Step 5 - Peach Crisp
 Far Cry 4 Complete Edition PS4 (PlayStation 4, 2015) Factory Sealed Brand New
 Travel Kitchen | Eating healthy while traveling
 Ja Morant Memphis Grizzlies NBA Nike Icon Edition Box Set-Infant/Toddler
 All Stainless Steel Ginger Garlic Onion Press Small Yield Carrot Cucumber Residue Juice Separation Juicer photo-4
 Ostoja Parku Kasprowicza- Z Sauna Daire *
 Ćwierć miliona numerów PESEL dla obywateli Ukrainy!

════

WHAT THIS TASK INVOLVES | Every line from the one with "Ja Morant Memphis" to the end of the records above should be returned exactly, and no other lines.

SOLUTION FOR THIS EXERCISE |
 Ja Morant Memphis Grizzlies NBA Nike Icon Edition Box Set-Infant/Toddler
 All Stainless Steel Ginger Garlic Onion Press Small Yield Carrot Cucumber Residue Juice Separation Juicer photo-4
 Ostoja Parku Kasprowicza- Z Sauna Daire *
 Ćwierć miliona numerów PESEL dla obywateli Ukrainy!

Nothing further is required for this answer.